To get in the right mood

Thursday, May 29, 2025

Mile 6255

 Today we are up bright and early as we leave St. John's, NL and travel South on the Avalon Peninsula.  We have a quick breakfast at the place with the mermaid in the logo and then picking up Rt-10 to follow the east coast of the peninsula to Portugal Cove South to the Mistaken Point UNESCO World Heritage Site.  Mistaken Point because sailors repeatably mistaking it for Cape Race in foggy weather and turn North, expecting to find Cape Race Harbour, instead hitting rocks and leading to shipwreck.  There have been more than 50 shipwrecks in this area.  

 But that is not the reason we have come to Mistaken Point, but to see the 565 million year old fossil sites.  Those are the oldest, large, complex life forms found anywhere on Earth.  Known to scientist as the 'Ediacara biota', these creatures lived when all life was still in the sea.  The organisms whose fossils now form the Mistaken Point assemblage lived about 565 million years ago on the bottom of a deep ocean, considerably below the depth that waves or light could reach.  Those soft bodied creatures lived millions of years before animals developed skeletons, but the imprints of their soft tissues were preserved in place on the muddy sea floor when they were suddenly buried by repeated influxes of volcanic ash-rich sediment.  The volcanic ash layers contain crystals of the mineral zircon, which enable geologists to accurately date them.

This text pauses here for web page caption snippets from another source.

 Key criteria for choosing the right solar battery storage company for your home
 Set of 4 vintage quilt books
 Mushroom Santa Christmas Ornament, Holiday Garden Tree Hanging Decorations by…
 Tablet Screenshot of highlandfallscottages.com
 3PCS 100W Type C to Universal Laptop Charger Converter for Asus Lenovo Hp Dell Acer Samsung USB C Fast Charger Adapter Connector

Rock formation at the fossil site showing the movement of the tectonic plates

One of the two accessible fossil plateaus

Bradgatia linfordensis (left) and Fractofusus misrai (right)
Pectinifrons abyssalis (left) and Beothukis mistakensis (right)
Charniodiscus procerus (left) and Charniodiscus spinosus (right)
Ivesheadiomorphs (left) and Thectardis avalonensis (right)
Primocandelabrum sp., the teacher and her student

 We then continued  from the fossil site to Cape Race and its lighthouse.  Besides the fact that this lighthouse has one of the world's largest hyperradiant Fresnel lens made by Chance Brothers in England (only 33 were made, only 12 are still in operation, only 1 in Canada) and floating on 7 gallons of mercury, it is also the first or the last lighthouse depending of the direction of travel sailors will see when crossing the Atlantic between Europe and North America.  Cape Race also played a critical role on April 14, 1912 when the Marconi wireless station received the distress signal from the RMS Titanic.  From there the signal was relayed to other ships and the world, and Cape Race became the central point for communication and rescue efforts.  The Marconi station is today a 'wireless interpretation center', but was unfortunately still closed for the season.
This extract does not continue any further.